Nathaniel Ward

How to weed out bad job candidates →

When hiring, finding job candidates with the right technical skills is the easy part. Bryan Goldberg offers advice on how to separate the merely adequate applicants from the all-stars:

[I]f a candidate can’t even tell you why they liked their last job, or what they got out of their college experience, or any of the million other questions that speak to their basic humanness… Then no amount of experience will make them valuable.
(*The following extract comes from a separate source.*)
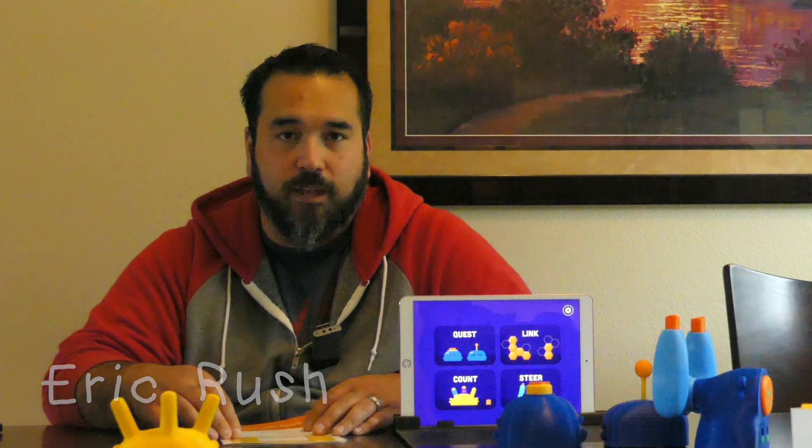Welcome back everybody. I know it's been a while, but I wanted to make a video about a new product. It's from a company I've bought from before. If you remember Orboot, the interactive augmented reality globe — the company Shifu has come out with a new game and I'm able to test it out. This is their beta prototype called Plugo.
Fire your SEO company and hire a writer →

The way to boost your site’s Google ranking, Paul Boag says, is to write quality content that your customers want to link to. Don’t waste time with consultants’ SEO voodoo.

“[I]t all comes down to content,” he writes. “If you create great content, people will link to it, and Google will improve your placement. It really is that simple.”


Non-profits need to fail more →

Seth Godin says non-profits need to be more innovative, which means they need to be more willing to accept failure:

Go fail. And then fail again. Non-profit failure is too rare, which means that non-profit innovation is too rare as well. Innovators understand that their job is to fail, repeatedly, until they don’t.

This is absolutely right. A non-profit group should do everything it can to better advance its mission. That may mean trying new and better ways to be even more effective. Fear of failure is the surest way to maintain the status quo.


Optimizing elevators →

Here is a typical problem: A passenger on the sixth floor wants to descend. The closest car is on the seventh floor, but it already has three riders and has made two stops. Is it the right choice to make that car stop again? That would be the best result for the sixth-floor passenger, but it would make the other people’s rides longer.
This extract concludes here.